Glucose was determined using the GOD-PAP method. Circulating glucose was classified according to the International Diabetes Federation with 5.5 mmol/l accepted as the upper level [31]. Triacylglycerols (TG), total cholesterol (TC), and HDL-cholesterol (HDL-C) were assayed colorimetrically. All variables were determined using commercial kits (Randox Laboratories, Great Britain). Coefficients of variation for these analyses did not exceed 5%. The plasma level of LDL-cholesterol (LDL-C) was calculated according to the Friedewald equation [32]. Non-HDL-cholesterol (non-HDL-C) was calculated by subtraction of HDL-C from TC [33]. Concentrations of plasma lipoproteins were classified according to recommendations of the European Atherosclerosis Society and European Guidelines on Cardiovascular Disease Prevention in Clinical Practice (TG <1.7 mmol/l, TC < 4.5 mmol/l, HLD-C >1.0 mmol/l, LDL-C < 2.5 mmol/l, non-HDL < 2.5 mmol/l [34,35]. Plasma insulin was assayed using a standard radioimmunoassay with monoclonal antibodies against insulin and commercial kits (BioSource, Belgium). The sensitivity of the method was 1 μIU/ml, intra and inter-assay coefficients of variation were 6.8% and 9.3%, respectively. All analyses were run in duplicate.

Statistical analyses

Data are presented as mean ± SD. All variables were checked for normality using the Shapiro-Wilk test. The Pearson correlation coefficients were calculated for logarithmically (e-based) transformed data. Moreover, biochemical variables were interpreted with respect to lower and upper quartile of BMI and ABSI and the Mann–Whitney test was used for data comparison. A p value ≤ 0.05 was considered to be statistically significant. All calculations were carried out using the Statistica v.7 (Statsoft, Illinois, USA).

Results

Baseline characteristics of the participants are presented in Table 1. According to BMI standards 74.6% of participants were normal weight, 18.4% were overweight, and 7.0% were obese. Only 2.0% of our subjects were characterized by higher than recommended waist circumference. Circulating glucose and triacylglycerols were higher than normal in similar percentages of students (6.1%). Slightly more participants (8.8%) were characterized by lower than normal HDL-cholesterol. On the contrary, higher than normal TC, LDL-C and non-HDL-C were observed in 24.5%, 25.4% and 29.8% of participants, respectively.
Table 1

Anthropometric characteristics and biochemical variables in young healthy men (means ± SD)

Variable

n = 114

Age (years)

21.7 ± 1.4

Weight (kg)

77.2 ± 12.2

Height (cm)

180.3 ± 6.7

BMI

23.7 ± 3.3 (25.4)*

Waist (cm)

80.7 ± 8.9 (2.0)*

ABSI

0.073 ± 0.003

Glucose (mmol/l)

4.8 ± 0.5 (6.1)^

Insulin (μIU/ml)

10.5 ± 6.4

TG (mmol/l)

0.9 ± 0.4 (6.1)^

TC (mmol/l)

4.5 ± 0.8 (24.5)^

HDL-C (mmol/l)

1.4 ± 0.3 (8.8)^

LDL-C (mmol/l)

2.7 ± 0.7 (25.4)^

Non-HDL (mmol/l)

3.1 ± 0.8 (29.8)^

BMI – body mass index; ABSI- a body shape index; TG-triacylglycerols; TC-total cholesterol; HDL-C- HDL- cholesterol; LDL-C – LDL-cholesterol;* percent of participants with overweight and obesity; ^percent of participants with disturbed biochemical variables.

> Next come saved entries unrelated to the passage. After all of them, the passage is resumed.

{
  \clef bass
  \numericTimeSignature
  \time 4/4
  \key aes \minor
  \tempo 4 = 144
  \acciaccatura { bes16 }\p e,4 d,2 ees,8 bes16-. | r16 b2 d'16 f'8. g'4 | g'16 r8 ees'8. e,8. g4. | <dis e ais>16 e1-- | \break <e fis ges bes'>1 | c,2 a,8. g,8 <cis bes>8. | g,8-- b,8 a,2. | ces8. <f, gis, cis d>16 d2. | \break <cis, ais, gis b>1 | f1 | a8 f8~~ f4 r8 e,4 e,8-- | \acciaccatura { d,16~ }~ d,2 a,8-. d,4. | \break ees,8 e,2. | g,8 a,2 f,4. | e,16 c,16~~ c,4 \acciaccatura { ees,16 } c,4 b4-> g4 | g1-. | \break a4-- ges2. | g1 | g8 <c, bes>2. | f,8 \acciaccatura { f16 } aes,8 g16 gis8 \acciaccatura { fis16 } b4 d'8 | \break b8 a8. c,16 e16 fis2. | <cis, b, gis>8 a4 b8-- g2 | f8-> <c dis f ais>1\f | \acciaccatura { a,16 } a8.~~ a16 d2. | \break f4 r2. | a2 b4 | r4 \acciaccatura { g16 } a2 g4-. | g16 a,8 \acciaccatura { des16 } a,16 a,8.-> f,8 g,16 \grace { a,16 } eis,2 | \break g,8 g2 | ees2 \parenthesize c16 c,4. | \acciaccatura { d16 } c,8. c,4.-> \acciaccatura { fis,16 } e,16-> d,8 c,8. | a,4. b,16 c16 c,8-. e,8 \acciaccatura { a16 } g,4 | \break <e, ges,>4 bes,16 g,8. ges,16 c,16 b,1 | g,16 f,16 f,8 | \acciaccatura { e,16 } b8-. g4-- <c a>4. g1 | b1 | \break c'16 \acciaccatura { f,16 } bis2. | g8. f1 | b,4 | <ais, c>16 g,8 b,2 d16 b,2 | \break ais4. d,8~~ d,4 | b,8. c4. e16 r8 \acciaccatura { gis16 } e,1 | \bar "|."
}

BMI was slightly, but significantly correlated only with circulating TG (r = 0.330, p < 0.001). On the contrary, ABSI was slightly, but significantly correlated with plasma levels of insulin (r = 0.360, p < 0.001), TC (r = 0.270, p < 0.002), LDL-C and non-HDL-C (r = 0.300, p < 0.001) (data not shown).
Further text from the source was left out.